# How to trip shutters on two cameras at the same time?



## J.R. (Feb 20, 2014)

There was a recent thread on CR where advice was sought as to how to trigger two cameras at the same time. During the course of discussion on the thread, I had asked whether it was possible to sync shutters on two cameras but got no response. 

I am using 600rt x 2 and a ST-E3-RT. 

Canon's official position is that shutter sync cannot be achieved using the 600 rt. does anyone know how to do this? Might come in handy one of these days ...


----------



## privatebydesign (Feb 20, 2014)

J.R.

I have explored the Canon "Linked Shooting" mode of the RT system, Canon are correct, the shutters fire at slightly different times so if you are using flash it is a non starter. Though as a simple multiple camera firing option it works well.

If you need syncronised shutter release to the exact time a flash will fire, so use one flash setup for two or more cameras, then timing is critical. If you are using the same model of camera I believe a simple spliced in release will work if you are in manual focus, if you are AF nothing will fire them both at exactly the same time. If you use different cameras the only off the shelf product I know will work is the Pocket Wizard MultiMax, this can be used to delay the faster camera to the shutter release of the slower camera, but I am sure there are other products and DIY solutions.


----------



## Logan (Feb 20, 2014)

this just popped into my head while I was browsing the forum, no idea if it helps you any.

There are those lightning triggers, not sure what they are called but i see ads for them all the time. Any idea how they work? The timing should be pretty precise, a lightning flash is not very long.

Assuming they work like a welding helmet and detect some kind of EM radiation that comes before the light, you could splice one to two cameras, or just use two as long as they arent miles apart, and trigger them with something as simple as a lighter flint or maybe another flash test firing? what do you think of that?


----------



## Schruminator (Feb 20, 2014)

The lighting triggers are usually a photocell of some sort (think about the light fixture over your garage) hooked up to a microcontroller or something to read the light levels. This controller then is hooked up to a transistor or a relay to trigger the camera. There are circuits you can make without the microcontroller, but it takes a bit more work to be honest.

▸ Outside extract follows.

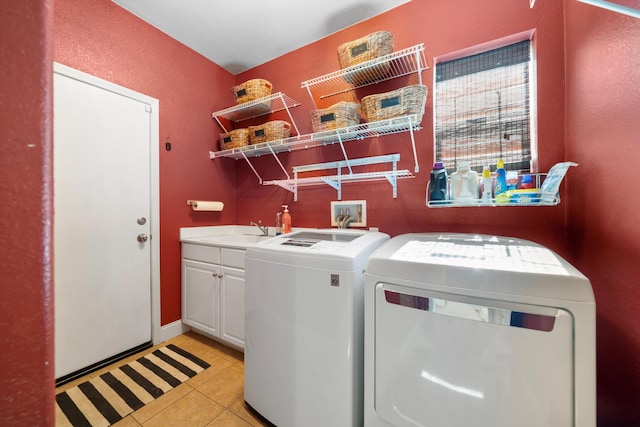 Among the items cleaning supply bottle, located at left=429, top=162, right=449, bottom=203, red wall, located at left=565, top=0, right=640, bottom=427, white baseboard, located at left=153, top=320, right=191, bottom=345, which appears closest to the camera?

Regardless, back to the original question: I'm not sure if a cored remote shutter release wired to two cameras will work. If so, splice your wire, hook it up and you're set (MF though, AF will delay things as the camera tries to focus). If that doesn't work, I'd look at using a two pole (or "double throw") relay. Basically it's one relay that has two independent outputs. It should trigger the cameras at the same time while keeping them electrically separate from each other (ie no touching of spliced wires). You'll need something to trigger the relay, but that can be as simple as a 9V battery and your thumb if you don't need super precise timing.

I use 1 double throw relay to control 2 flashes to fire at the same time (and they are muuuch faster than a camera shutter) and it works great. The link below is a picture I took with this set up. 2 flashes almost directly to the right and to the left of the wine glass in a darkened room.

http://www.mschrum.com/2012/10/wine-glass-3.html


----------



## Maui5150 (Feb 20, 2014)

Pocketwizard Flex TT5s.

Took me a while to nail the set-up but was able to fire a camera in my hand, trigger a remote camera and sync the strobes to have them all go off at the right time


----------



## J.R. (Feb 22, 2014)

Thanks for the replies ... This confirms what I felt initially that it cannot be done without a specific accessory. 

PW accessories seem to be capable for the job, and I might add a couple of NERO Triggers to the mix but there doesn't seem to be a DIY method.


----------



## apersson850 (Feb 23, 2014)

If it's OK to have the two linked cameras fire the 600 EX-RT mounted on each camera independently, then that's possible to set up. The flashes will of course fire with a slight time interval between them, but each will sync with its "own" camera.


----------